• _YOUR OBJECTIVE_:
Keep to one stretch of the data below, the lines from the one with "BA Green Amber" up to and including the one with "Lustre moléculaire en", and return that stretch exactly.

• _AVAILABLE RECORDS_:
Content starts

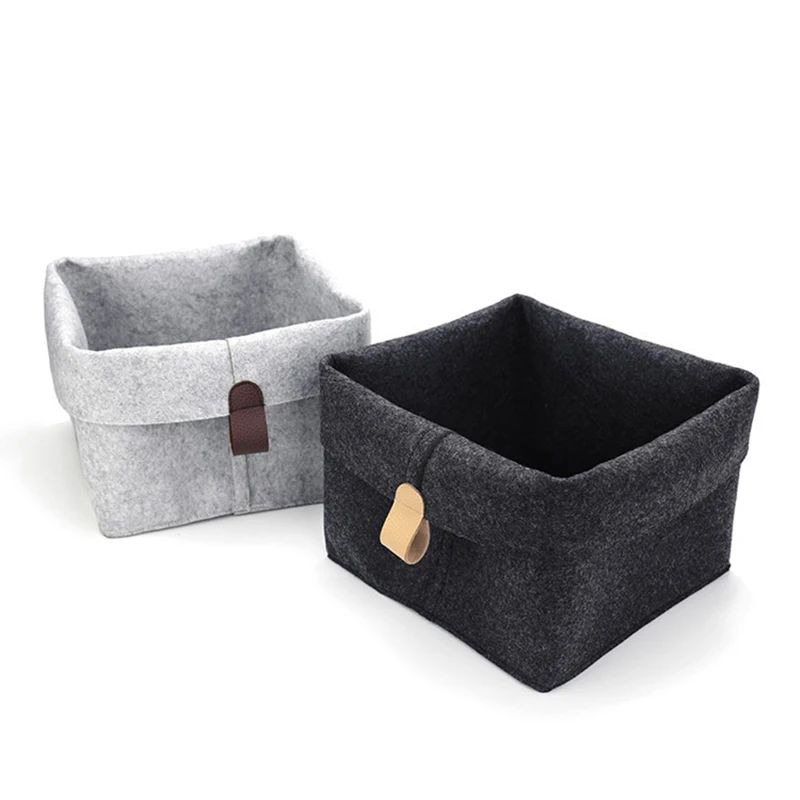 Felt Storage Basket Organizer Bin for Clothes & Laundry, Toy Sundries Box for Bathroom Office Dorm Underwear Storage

Content ends
Content starts

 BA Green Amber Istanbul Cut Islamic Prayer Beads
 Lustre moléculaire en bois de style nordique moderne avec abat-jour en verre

Content ends

• _RESULT OF THE TASK_:
 BA Green Amber Istanbul Cut Islamic Prayer Beads
 Lustre moléculaire en bois de style nordique moderne avec abat-jour en verre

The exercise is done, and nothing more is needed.